Among the institutions were the Philadelphia Museum of Art, Pennsylvania Academy of Fine Arts, the Brooklyn Historical Society and an unnamed Mid-Atlantic institution.
Speaking after the sale, Cain said, “I think it did well, there was a lot of interest and many things brought what they should have.”
She mentioned her disappointment that the sale’s expected top lot, the Tilghman Family Chippendale carved mahogany and marble top pier table, went unsold on an $80/100,000 estimate. “There was a lot of interest,” she said, “But I think the estimate was a bit strong for this market.”
“It’s a very choosy market,” she continued. “And they’re looking for not only the form of the piece, but the condition is so key and if something has been done, that will still determine what something will bring. “
At the top of the sale came a marble bust of George Washington attributed to American Italian sculptor Horatio Greenough (1805-1852) that sold for $43,750 above a $15,000 high estimate. Greenough studied at Harvard and would go on to live most of his life in Italy until he passed away at 47 years old. Greenough produced a full-size Carrara marble sculpture of Washington that was commissioned by the United States Congress in 1832 for the Centennial of Washington’s birth, which now resides in the National Museum of American History in Washington DC. The bust that sold in Freeman’s sale was presented to the Long Island Historical Society, now the Brooklyn Historical Society, in 1915 by Reverend Lea Luquer (1833-1919) and his brother Nicholas Luquer (1837-1932).
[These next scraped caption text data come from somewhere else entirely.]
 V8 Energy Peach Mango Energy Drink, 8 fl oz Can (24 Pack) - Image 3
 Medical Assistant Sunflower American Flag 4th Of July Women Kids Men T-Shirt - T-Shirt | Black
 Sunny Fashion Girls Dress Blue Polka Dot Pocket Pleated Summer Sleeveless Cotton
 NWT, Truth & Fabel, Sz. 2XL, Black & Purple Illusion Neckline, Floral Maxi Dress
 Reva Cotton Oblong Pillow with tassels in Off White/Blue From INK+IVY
A 1916 issue of The Munsey magazine noted the presence of this bust in the front office of the Long Island Historical Society as part of a survey of portraits and sculpture of the first president.
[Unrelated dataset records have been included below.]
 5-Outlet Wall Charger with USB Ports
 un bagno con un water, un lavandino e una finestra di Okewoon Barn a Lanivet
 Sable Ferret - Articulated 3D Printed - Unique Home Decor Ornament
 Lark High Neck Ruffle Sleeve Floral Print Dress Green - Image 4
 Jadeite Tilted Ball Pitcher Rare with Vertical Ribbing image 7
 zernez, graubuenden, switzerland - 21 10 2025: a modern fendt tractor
“Greenough almost never comes up at auction,” Cain told us. “It was a very strong and good price for the bust.” She said that the work had been purchased by a broker.
Another lot in the sale, a 14-3/8-by-21¼-inch watercolor and ink on laid paper, also had direct ties to Harvard. “The East Perspective From The Church in Cambridge” by Samuel Griffin (1762-1812), Harvard class of 1784, is the earliest hand drawn view of Harvard College known. It sold beneath estimate at $18,750. The work and accompanying portrait miniature of Griffin, circa 1785 and attributed to William Lovett (1773-1801), descended directly in the Griffin family. The catalog noted that The Colonial North America Collection at Harvard Library holds Samuel Griffin’s leather bound 148-page student mathematical manuscript as well as two of Griffin’s hand drawn and colored views of Harvard and Cambridge: “A northerly perspective view from a window in Massachusetts Hall,” and “A westerly perspective view of part of the town of Cambridge” that are similar in style to the drawing sold in the sale. Cain told Antiques and the Arts Weekly that the drawing will be joining the others in Harvard’s collection.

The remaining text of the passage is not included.